As part of the Military Intelligence Service, or MIS, those Nisei, along with two Caucasian soldiers, studied to become the schools first class of linguists who would play a vital role in military intelligence and combat duty.
Although the current state of the ersatz airmail hangar belies its historical importance, the walls of that historic warehouse in the Presidio are about to talk.
Fifty years after the establishment of the language school, the building was discovered still standing in 1991, and preservation efforts ensued.
After years of planning and negotiations between the Presidio Trust and the National Japanese American Historical Society, Friday the two entities signed a cooperative agreement to rehabilitate the once-secret Army language school.
The agreement allows for the conversion of the 10,000-square-foot building into an MIS Historic Learning Center that will be operated by the historical society.

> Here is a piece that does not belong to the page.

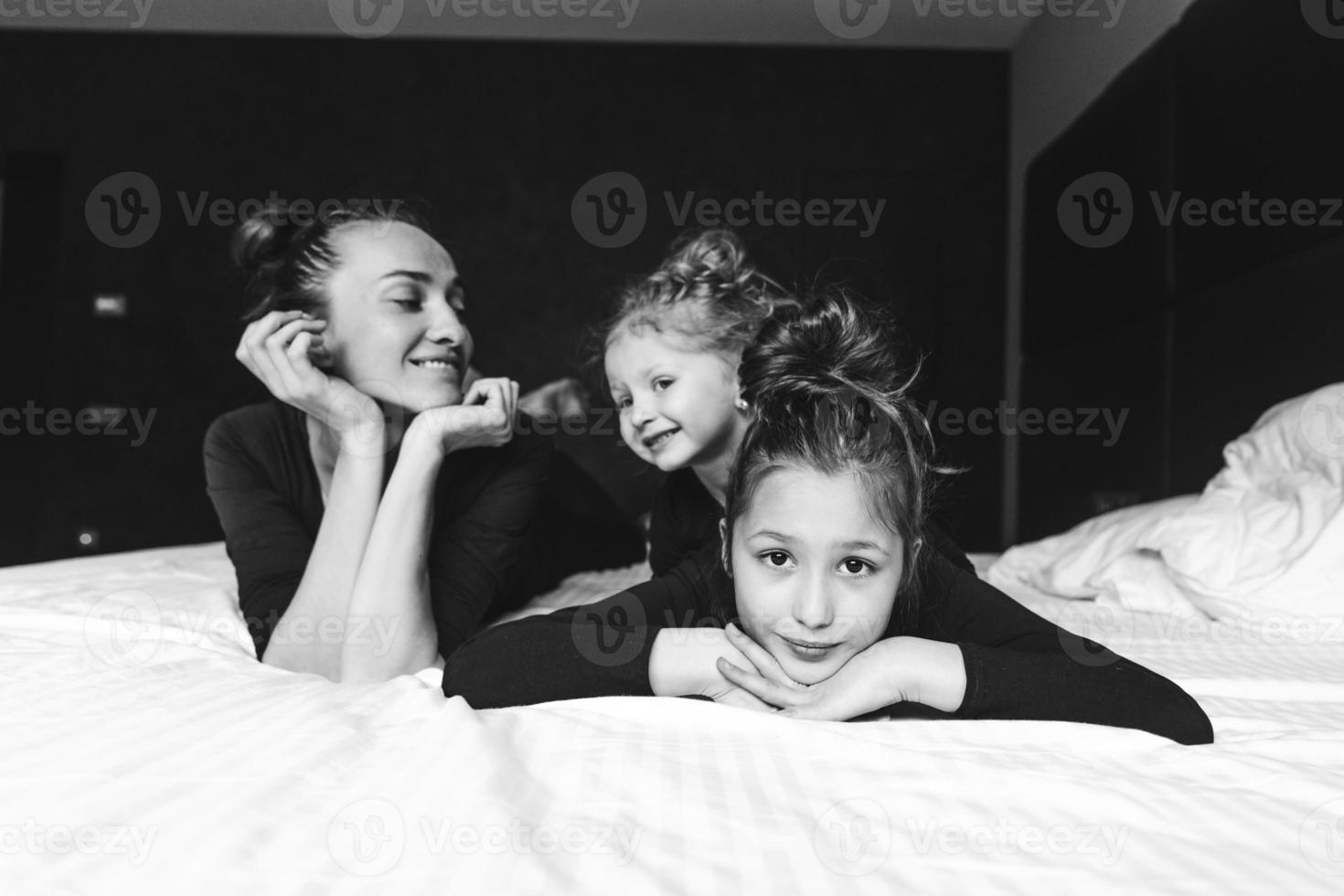 mamma e Due figlie avere divertimento su il letto foto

"The MIS story is part of the Presidio's legacy of service," Presidio Trust executive director Craig Middleton said in a statement Friday. "I can't think of a better way to honor the service of the MIS veterans."

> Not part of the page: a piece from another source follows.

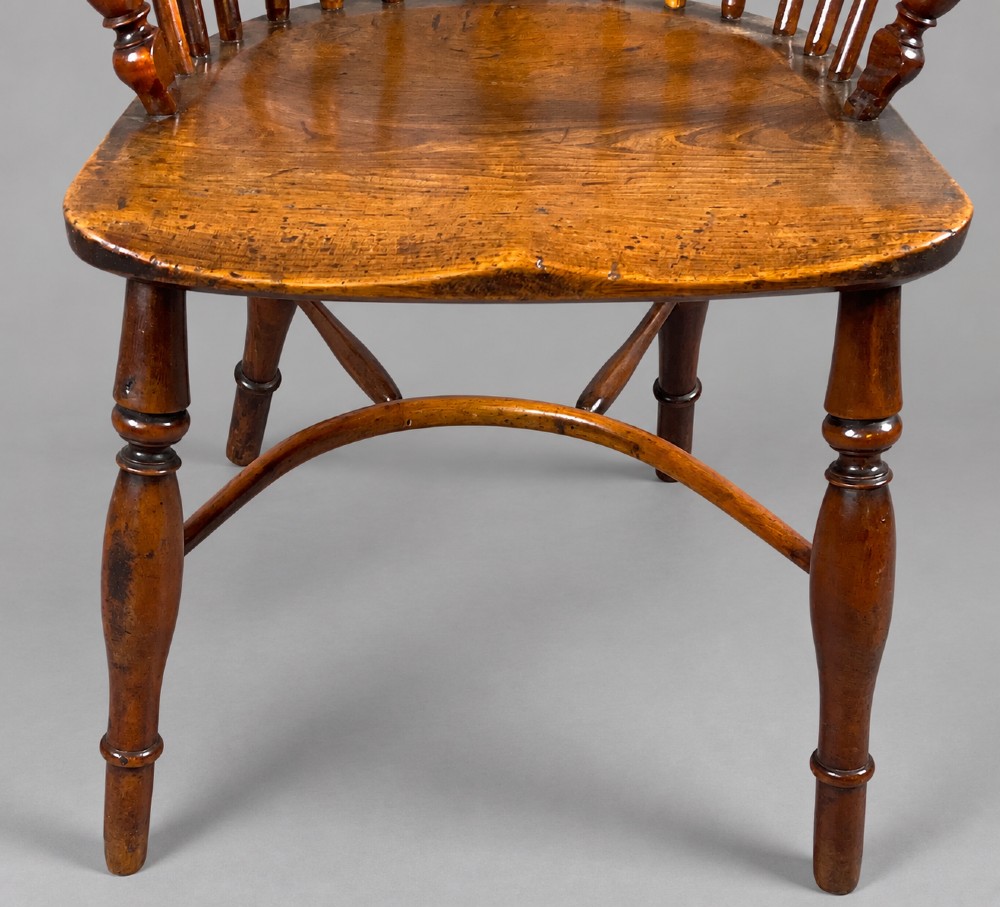 A low back antique yew wood Windsor chair featuring a contoured seat, turned legs, a crinoline stretcher, and a pierced decorative splat. View II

Serving in almost every major campaign during the Pacific War, the MIS linguists provided indispensable assistance to the Allies by conducting interrogations and translating maps, personal correspondence and radio transmissions.
Months after the language school was established at the Presidio, then-President Franklin Roosevelt issued an executive order forcing Japanese Americans from the West Coast and into internment camps, prompting the school to relocate to Minnesota in June 1942.
Four years later, the school returned to California as the Defense Language Institute at the Presidio of Monterey.
At its peak, the school's 160 instructors taught 3,000 students in its 125 classrooms.
The learning center will feature exhibits and ongoing public programs devoted to the MIS and their experience. Its Wall of Honor will display the more than 6,000 names of the MIS graduates as a permanent memory of their contributions.
"This is indeed a momentous step forward ... to give the MIS story its proper place of importance in U.S. history," said Ken Kawaichi, the historical society's board president.